Sunday, 20 September 2015

Companion Chronicles 8.08 - The Sleeping City

Maybe I think too much, we all know that Doctor Who is “just a TV show”, but boy does it fire the imagination, when I first saw The Chase back in the early 1990′s, my early twenty- something fan brain latched on to the fact that Ian and Barbara were returned a year late, a whole year of their lives missing, how could this be explained, how could they explain the disappearance of one of their pupils, some twenty-two years later, these issues are addressed (somewhat) in the latest Companion Chronicle release from Big Finish: The Sleeping City.

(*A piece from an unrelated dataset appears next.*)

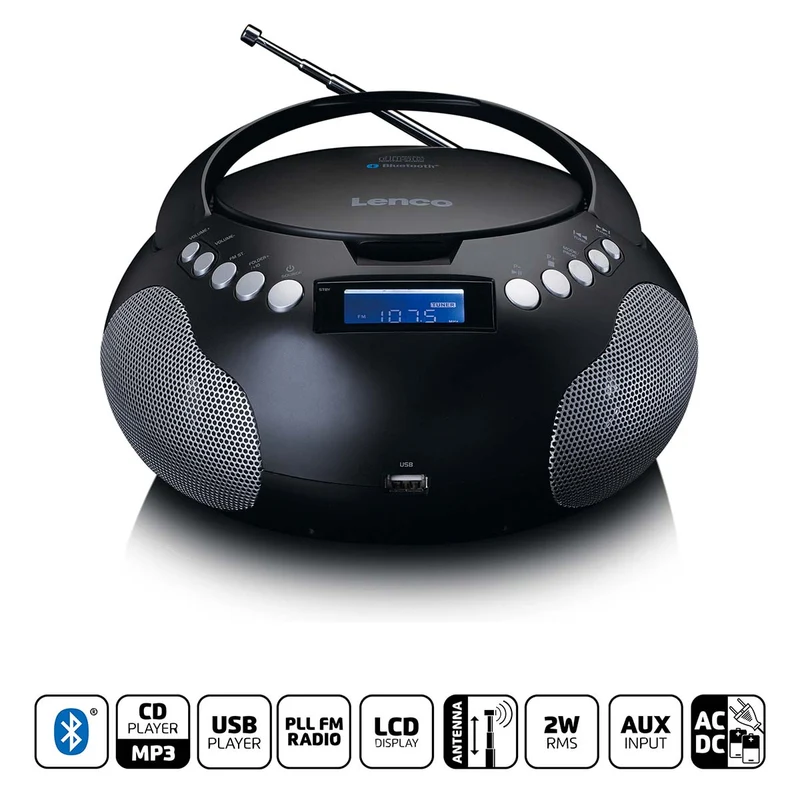 LENCO SCD-331BK - Draagbare Radio/CD/MP3 speler met USB en Bluetooth® - Zwart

Reprising the role of Ian Chesterton is William Russell, and it opens with Ian and Barbara in a heap of trouble, unable to explain their missing year to the authorities, they are both accused of being Soviet Agents and are under interrogation, but Ian’s interrogator, Gerrard, played by John Banks, seems very interested in The Doctor, and is all too keen for Ian to tell him about their adventures to convince him that he is not a Soviet Spy, and the story Ian tells is an odd one.
Feeling reminiscent of the last couple of episodes of The Keys of Marinus, Ian recounts his visit, along with The Doctor, Barbara and Vicki to the City of Hisk, a City where the citizens share their leisure time in a shared dream experience, but there is nightmare hiding in the dream state and soon Vicki has been marked for death and it is up to the Doctor to solve the mystery of Hisk and expose the rotten core at the heart of the dreaming.
The early 1960′s era is captured excellently by William Russell, he has Jaqueline Hill, William Hartnell and Maureen O’Brien’s intonation captured to perfection, he easily recreates the banter between Ian and Barbara, there is such love between the characters, and he paints a wonderful picture of a gleaming sci-fi cityscape along with its citizens, he makes it very alive and very real with just a few words.
It’s an entertaining little play, more of a table wine than a vintage, but perfectly drinkable (if you will excuse the analogy), maybe I worked out the ending too early on, or maybe I was spoilt by Dark Eyes 2 being so good, but as a piece of retro 1960′s Doctor Who it succeeds admirably, and massive praise to William Russell for making it such a visual audio.